In un momento storico in cui il top della cucina è l’hamburger, il vero Imbruttito lo riconosci dal fatto che, all’All you can eat, dice: «Oh, ma un po’ di zafferano su sto riso, no? Con tutte le robe buone che c’abbiamo noi, dobbiamo mangiare queste Giargianate?!»
Perché per un milanese vero, il risotto giallo è come il colesterolo: ce l’ha nelle vene.
Ma come ha fatto il Risotto giallo alla milanese a diventato il piatto Imbruttito per eccellenza?
Come sempre, ci sono delle storie più o meno vere e leggende metropolitane.
Prima la leggenda: verso la metà del 1500, gli artigiani che lavoravano alla costruzione del Duomo venivano sfamati con dei ciotoloni di riso bianco.
I simpaticissimi straricchi della città, che amavano il lavoro tanto da osservarlo tutti i giorni (la versione antica degli umarell da cantiere, per intenderci, con in più l’ambitissima skill di non saper fare niente), un giorno versarono nel riso bianco lo zafferano, spezia che veniva utilizzata dai vetrai per colorare di giallo le vetrate della nostra cattedrale.
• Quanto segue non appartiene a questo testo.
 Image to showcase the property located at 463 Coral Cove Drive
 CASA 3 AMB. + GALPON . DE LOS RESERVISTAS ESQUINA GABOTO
Che scherzone!
I simpaticoni pensavano di avere mandato in malora il pasto, ma gli operai, che si sa, son persone che quando hanno fame mangerebbero pure le rotaie del tram, se ne sono sbattuti e hanno inforcato il riso diventato giallo.
Reagendo più o meno così:
Una storia più precisa e accreditata, invece, è questa: l’anno è il 1574 (siamo sempre lì) e il vetraio belga Valerio di Fiandra aveva preso casa a Milano perché lavorava alle vetrate del Duomo.
Il giorno del matrimonio della figlia, i suoi colleghi vetrai, sapendo che lo zafferano era già una spezia usata nella cucina araba ed ebraica, lo fecero aggiungere al risotto che gli invitati avrebbero mangiato.
L’intento era semplicemente quello di far diventare il riso del colore dell’oro, così che fosse simbolo di prosperità per la coppia. Ma il suo sapore era tale che presto divenne il piatto più richiesto anche nelle osterie e nelle taverne di tutta la città.